第五章 夏の恵み
七月に入り、庭は最も豊かな実りの季節を迎えていた。野菜畑では、完熟したトマトが赤々と輝き、ナスやキュウリも次々と収穫時期を迎える。花壇では、ひまわりが威風堂々と空に向かって伸びていた。
「エリシェバさん、私たちの実、もう食べられますよ」
トマトたちが嬉しそうに声をかけてきた。エリシェバは一つ一つ丁寧に収穫していく。
「本当に立派に育ってくれたわね。ありがとう」
収穫した野菜は、近所のお裾分けにも回された。受け取った人々は、エリシェバの野菜の味を絶賛する。
「こんなに美味しい野菜は初めてだわ」
「エリシェバさんの庭には、何か特別な秘訣があるのね」
エリシェバは、ただ優しく微笑むだけだった。花や野菜たちと心を通わせ、愛情を込めて育てる。それが唯一の秘訣なのだ。
ある日、庭仕事を終えて家に戻ろうとしたとき、突然の眩暈に襲われた。暑さのせいだろうか、視界が歪み始める。
「エリシェバおばあちゃん!」
リリアが真っ先に気づき、すぐに駆けつけた。他の妖精たちも集まってきて、涼しい風を送り始める。
「大丈夫、ちょっと休めば……」
その時、天使のガブリエルが現れた。
「エリシェバさん、無理は禁物です。今日はゆっくり休んでください」
ガブリエルに導かれ、エリシェバはベッドで休むことになった。花々は心配そうに窓の外から見守っている。

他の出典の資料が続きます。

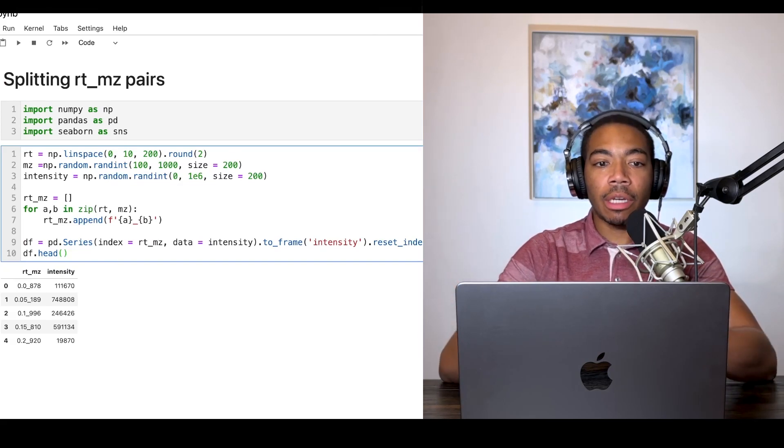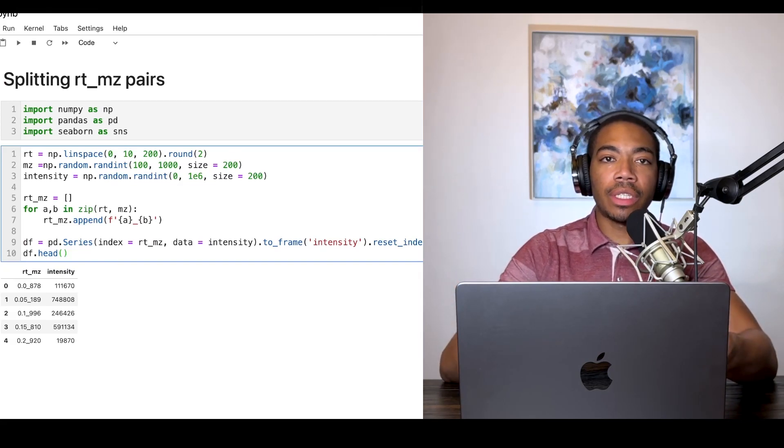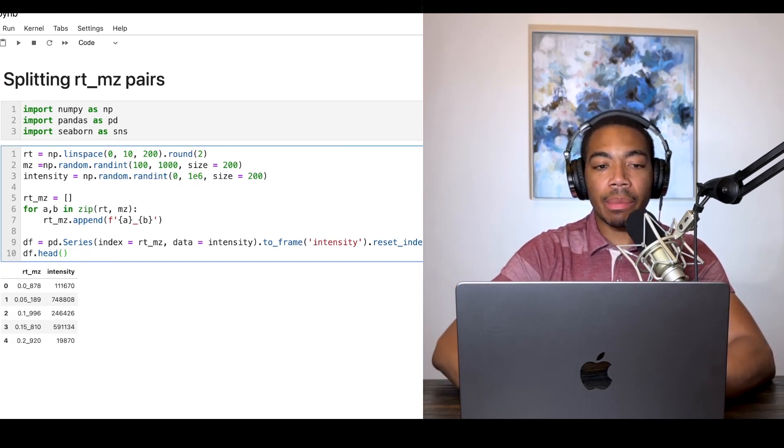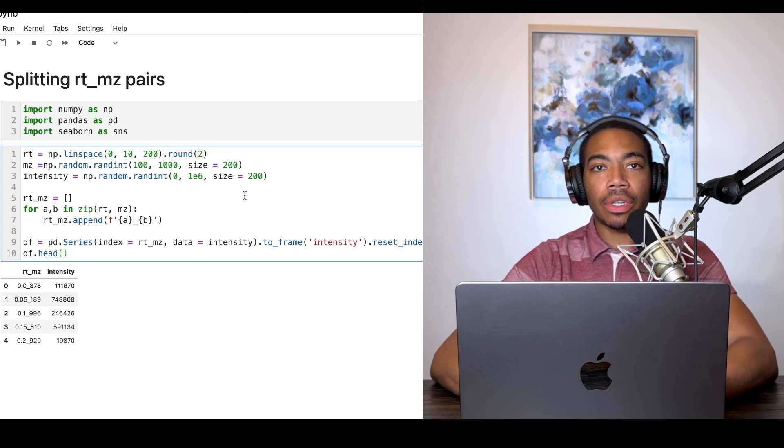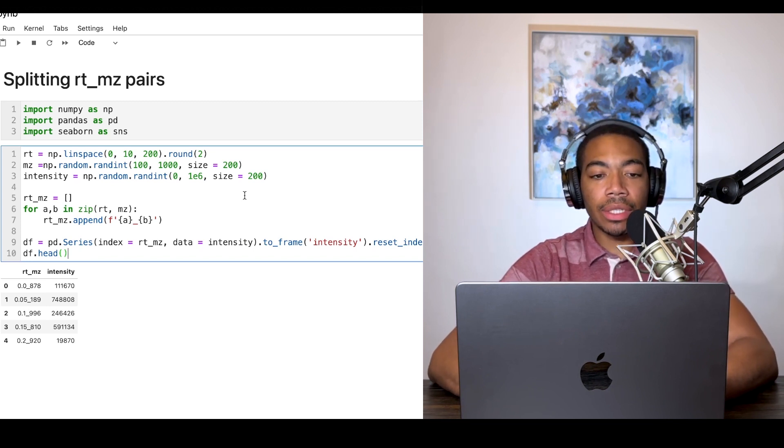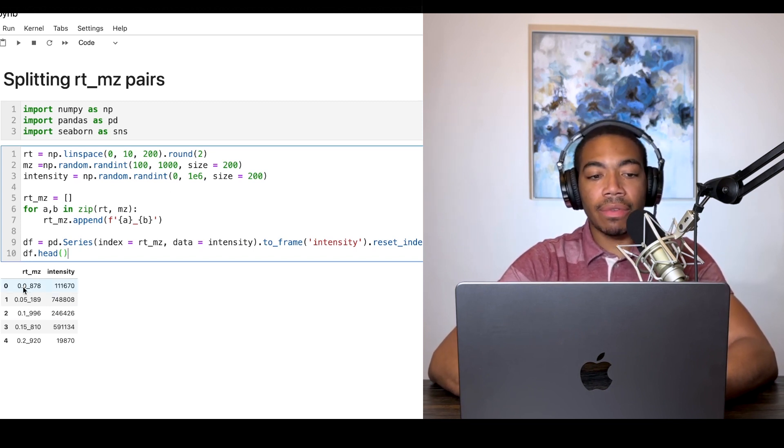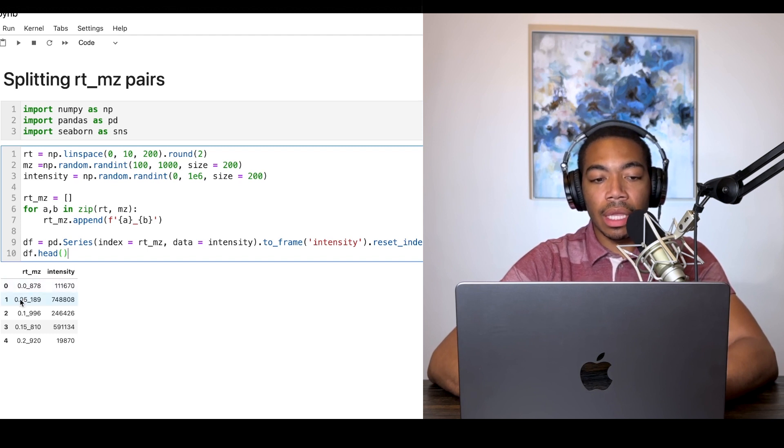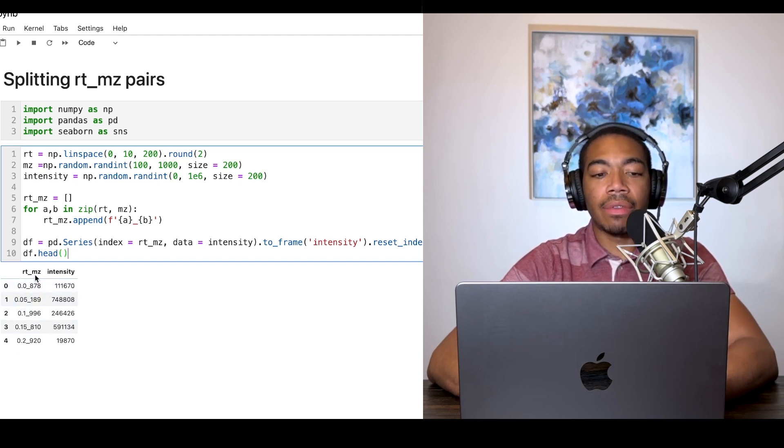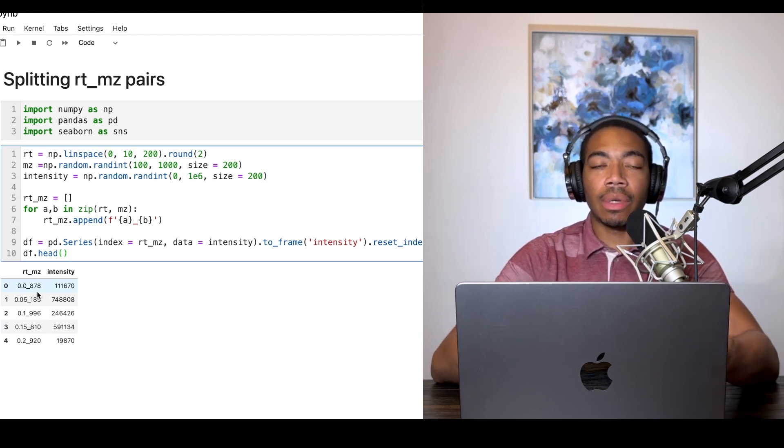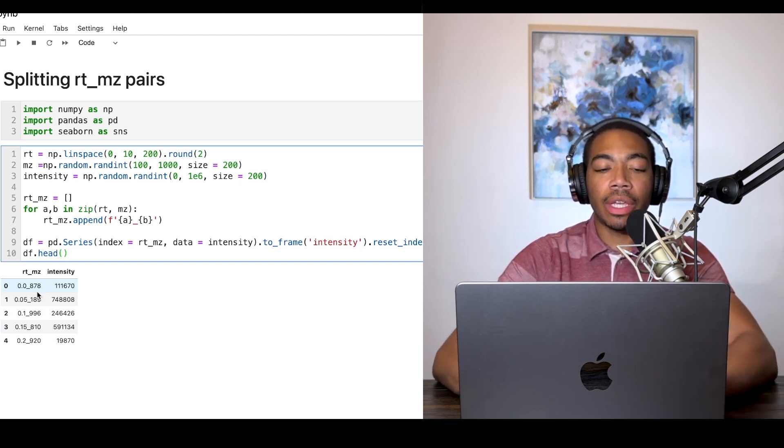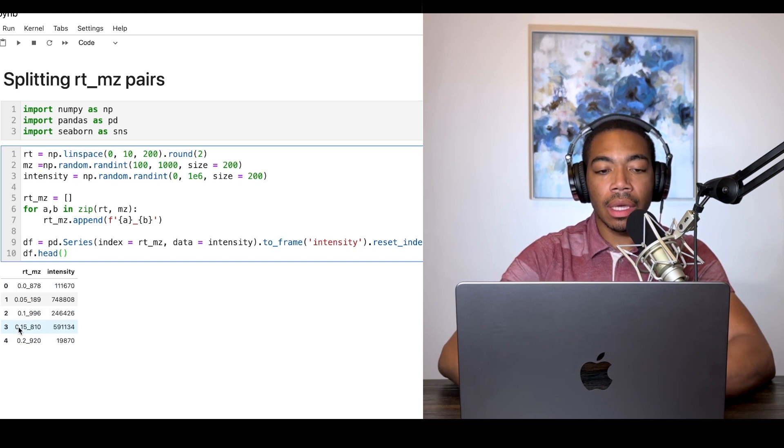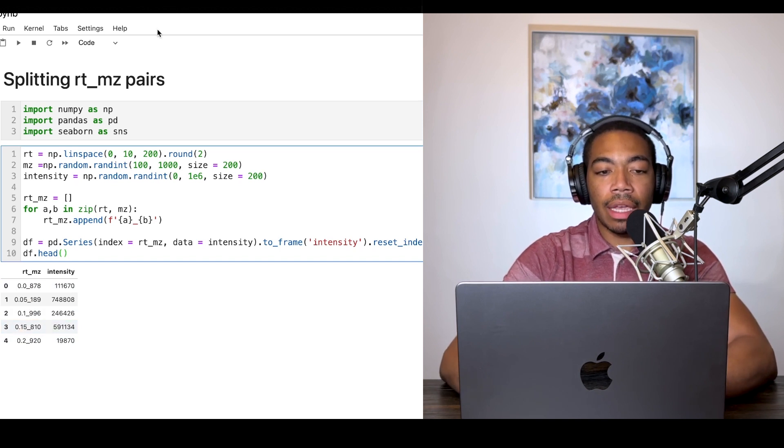Welcome back to the channel. In today's video we're going to talk about splitting retention time and m/z pairs. This is a common data structure in LC-MS experimentation where we have two variables stored as a single column. Before the underscore we have retention time, and after the underscore we have mass-to-charge. This could be analogous to other cases where you have two variables stored as a single column.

夜になると、庭から不思議な光が漏れ始めた。好奇心に駆られて窓辺に立つと、そこには幻想的な光景が広がっていた。
花々が月光のように柔らかな光を放ち、その周りを妖精たちが舞っている。天使たちも加わり、癒しの歌声を響かせていた。
その光景に見入っていると、ふと懐かしい香りが漂ってきた。それは、かつてヨハネスが育てていた白いバラの香り。でも、その白バラは彼の死後、枯れてしまったはずなのに……。
「エリシェバさん」
ガブリエルが、静かに語りかけてきた。
「あの白バラは、ヨハネスさんの愛の象徴。今夜、特別に天国から香りだけを届けてくださったのです」
エリシェバの目に、涙が溢れた。それは悲しみの涙ではなく、深い感謝の涙だった。
夏の夜は、そうして神秘的な癒しの時間となった。翌朝、エリシェバの体調は見違えるように回復していた。
「みんな、ありがとう。あなたたちのおかげで、私は本当に幸せ者ね」
朝日に照らされた庭で、エリシェバは心からの感謝を伝えた。花々は嬉しそうに揺れ、新しい一日が始まっていく。